Sir Geoffrey’s constituents had reported a number of problems, such as agencies charging a registration fee to find them suitable accommodation: “Sometimes it is two guineas; sometimes it is three guineas; sometimes, I think, it is more.”

The fee was usually time-limited, non-returnable and with no guarantees. 
Once a viewing was arranged, the unsuspecting applicant was told they would also have to pay a “very substantial sum” for furniture and fittings. 

The highest amount charged, he told his astonished colleagues, was £550 for a flat, with 2 years’ rent to be paid in advance: totalling a princely sum of £680 – roughly equivalent to around £21,000 in today’s money!

Unsuspecting constituents turned up for their viewings only to find that the owners had never heard of the fee-charging agency, or to be sent away because the property had already been let. Sir Geoffrey informed the House that he had never heard of a case where anyone had succeeded in obtaining a flat through these agencies.

No respectable estate agency would charge a client for doing nothing or before they had performed any service, he explained. No reputable agency would charge the person looking for a property, rather than the landlord. 
“We ought to protect members of the public who are too weak or too ignorant to protect themselves against the activities of these persons.” 

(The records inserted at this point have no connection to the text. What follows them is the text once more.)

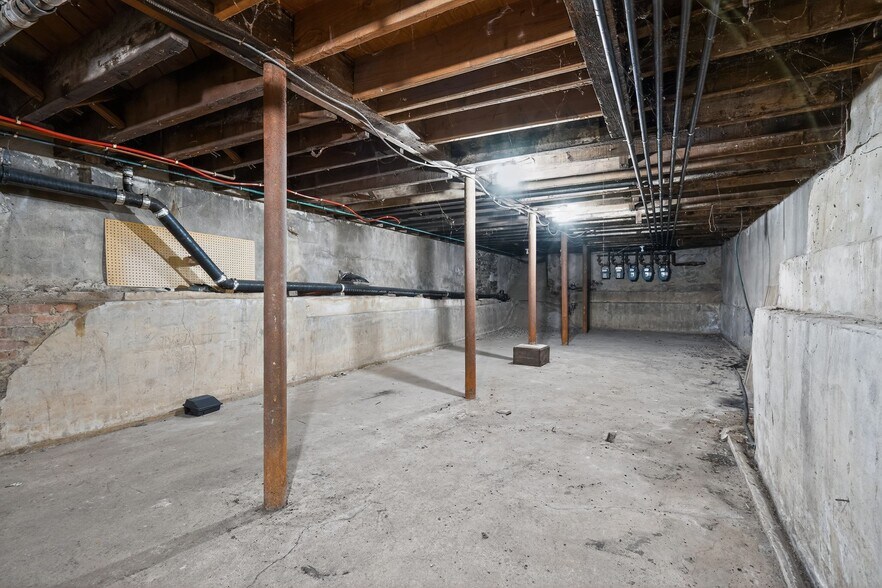More Photos Of 219-225 Broad st, Staten Island Apartments For Sale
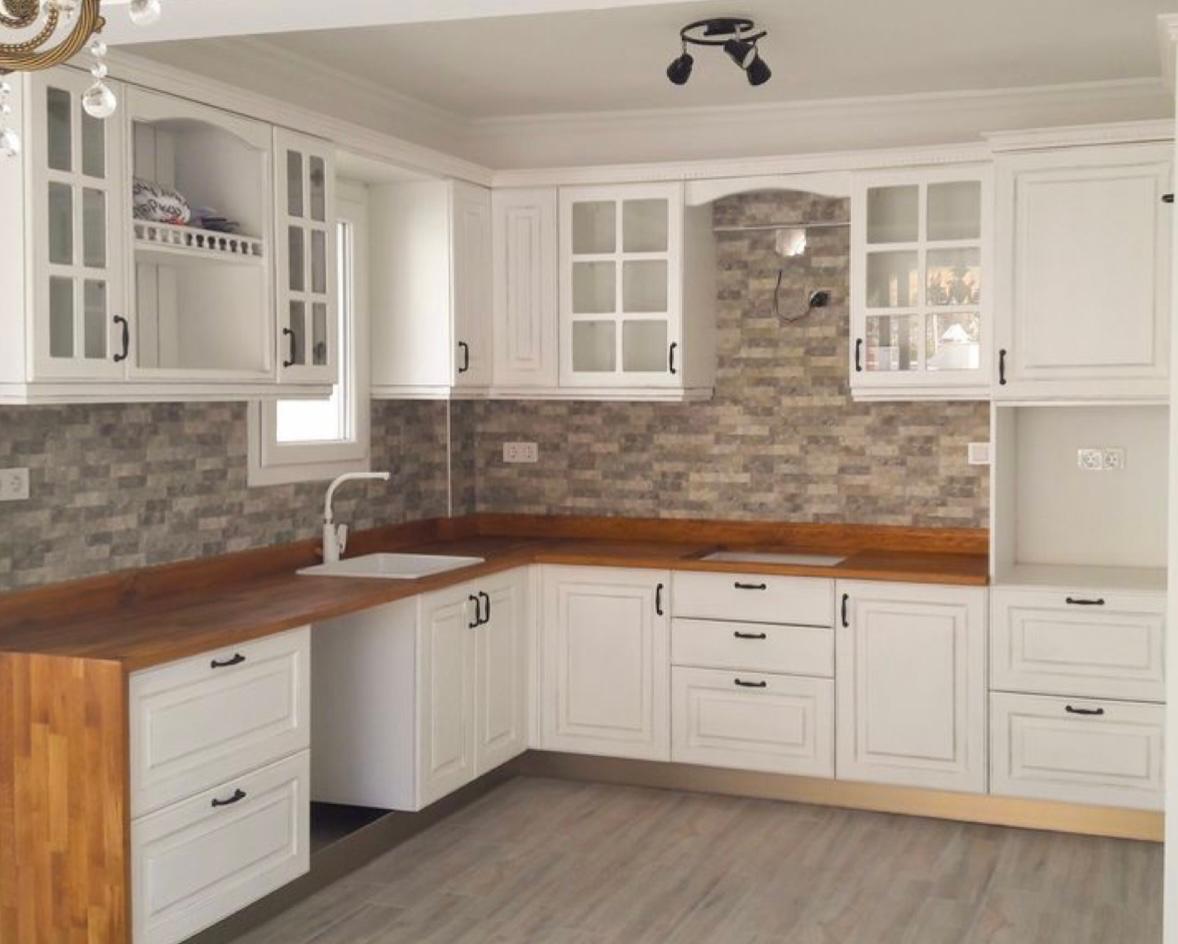 Ahşap ve Gri Modern Mutfak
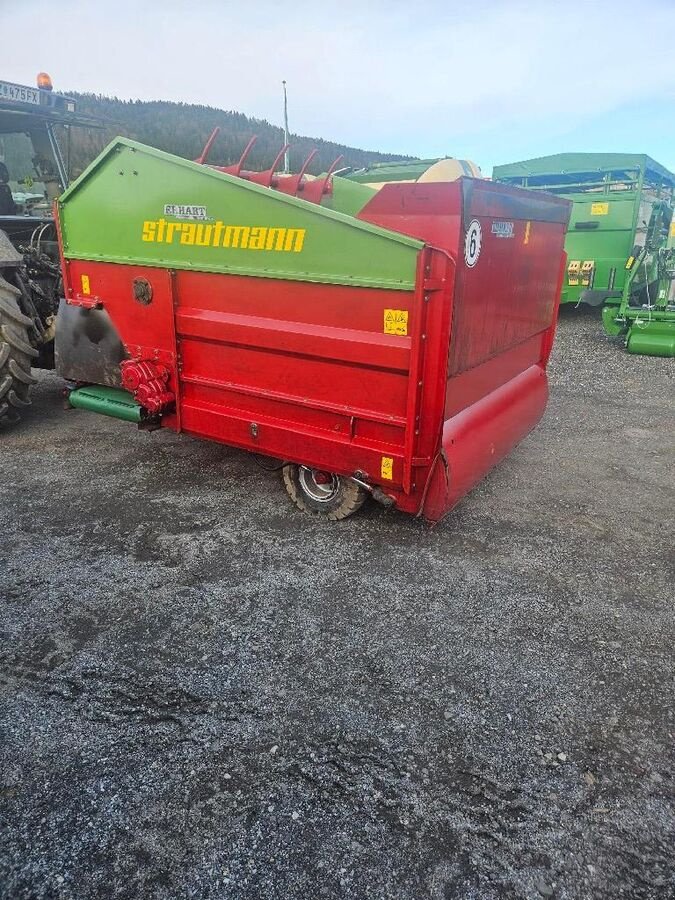 Siloentnahmegerät & Verteilgerät Türe ait Strautmann BVW, Gebrauchtmaschine içinde Passail (resim 1)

But how could this be done without interfering with the legitimate business of law-abiding estate agents? 
The first step in rooting this evil out, he proposed, would be to consult with leaders of the relevant professional bodies. These associations had long championed the professionalisation of the lettings industry, through membership or registration. Another solution might be to require agencies to register with their local authority.

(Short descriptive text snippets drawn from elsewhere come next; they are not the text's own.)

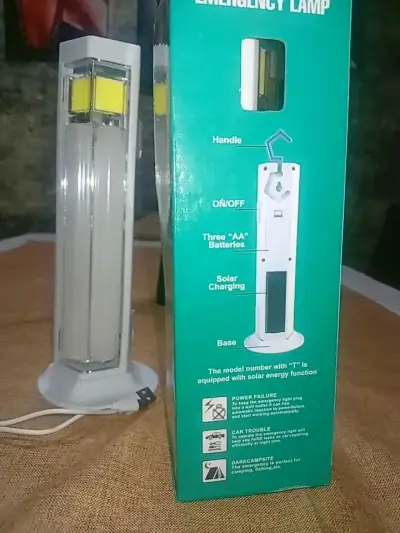 Lámpara de emergencia recargable solar - miniatura 1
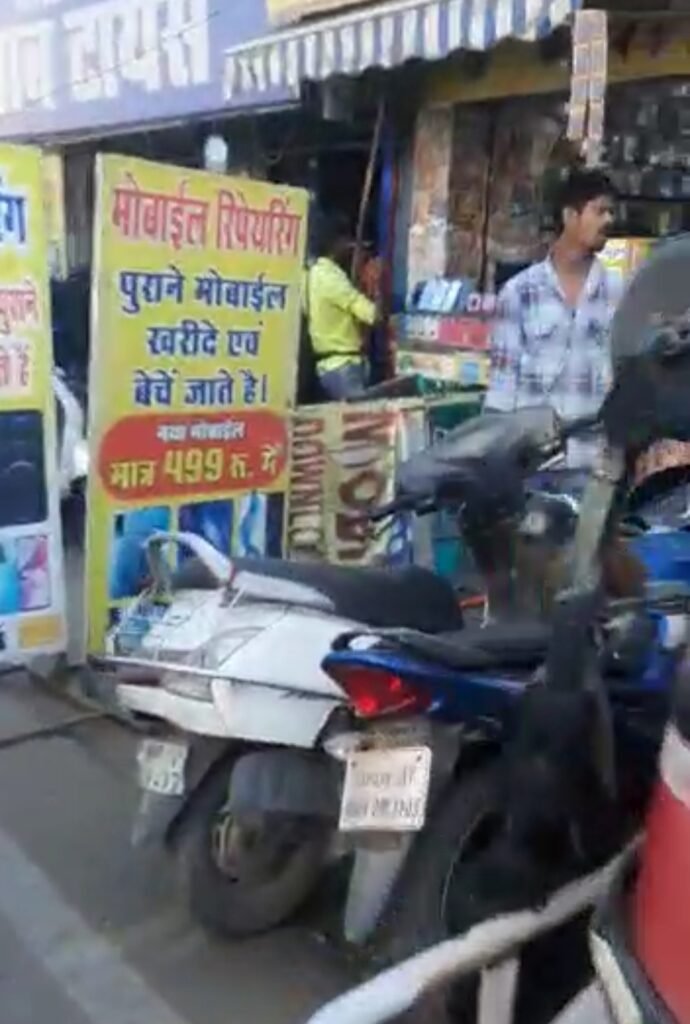 नगर निगम व यातायात पुलिस की अनदेखी के कारण दुकानदारों ने फुटपाथ पर जमाया कब्ज़ा 2 नगर निगम व यातायात पुलिस की अनदेखी के कारण दुकानदारों ने फुटपाथ पर जमाया कब्ज़ा | New India Times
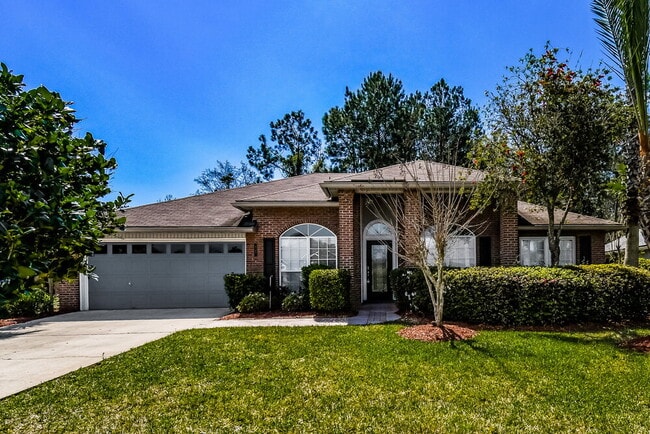 property at 425 Queen Anne Ct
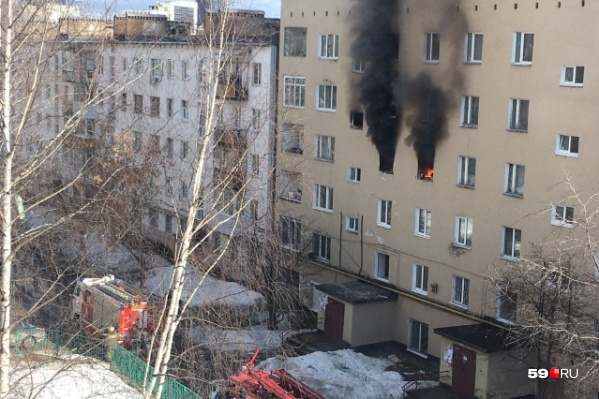 После взрыва в квартире начался пожар После взрыва в квартире начался пожар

 “In any case,” he said, “if this debate serves no other useful purpose, I trust that the activities of these ‘spivs’ of the house agents’ profession will receive sufficient publicity to warn people of what is likely to happen if they allow themselves to be drawn unwarily into this particular web.”
Lieutenant-Colonel Marcus Lipton, representing Brixton, said the House was indebted to Sir Geoffrey for raising this issue – despite the “somewhat inconvenient hour.”

“Reputable agents are becoming increasingly disturbed by the sharp practices used by mushroom firms,” he said, as he described how his own constituents had been ripped off by “these wretched fee-snatching firms.”
He highlighted the good work being done to protect the public by professional organisations such as the South-East London Brand of the Incorporated Society of Auctioneers and Landed Property Agents. 

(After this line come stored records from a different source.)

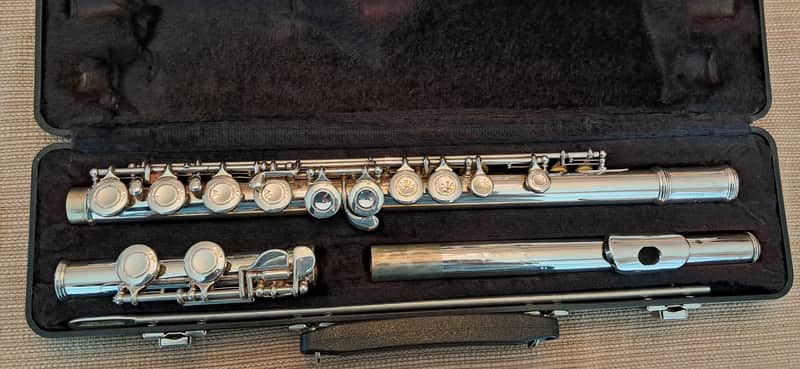 Armstrong 104 Student Model Closed-Hole Flute with C Foot, Offset G - Silver-Plated image 1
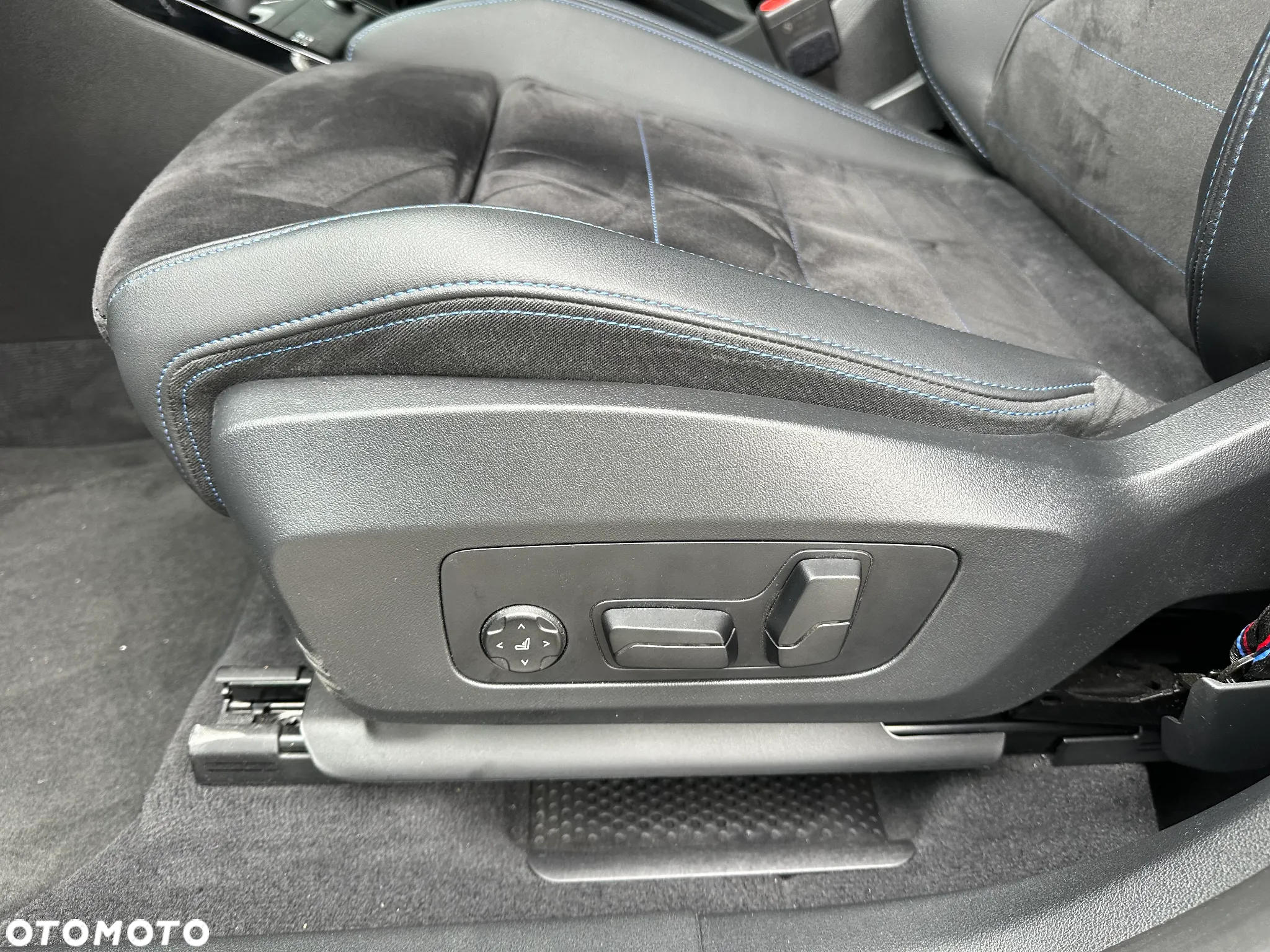 BMW X1 - 10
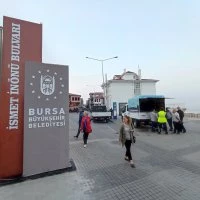 CHP’li Belediye ‘İsmet İnönü’ adını reklam aracı yaptı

Image source: https://www.gracesguide.co.uk

While he did not expect a ready-made solution, Lipton hoped that Sir Geoffrey would make a contribution towards solving “the growing problem of the exploitation of innocent people by unscrupulous men who are cashing in on what is a very great social need.” 
The Minister of Housing and Local Government, Mr Harold Macmillan - who went on to serve as Prime Minister from 1957-63 – thanked Sir Geoffrey for raising this matter. 

Macmillan, a touch cynically perhaps, cautioned that the degree of the problem should not be exaggerated: “Indeed, I am a little surprised from the information given to me that there have not been more actual complaints.”
Although recommending that fraudulent cases should be prosecuted, hopefully with the help of local authorities, he warned that the issue could prove complex: “Some of it is fraudulent in fact — although perhaps not in law — wicked but not illegal, like a good many things.”

While he would do everything he could to assist his honourable and learned friend to bring these matters to public notice, Mr Macmillan said that his faith lay in encouraging the professional societies to lead the way forward. 
“They can build up a great tradition of practice and rules of practice, which, perhaps, in one way or another, may someday become enforceable, either by public opinion or by law.”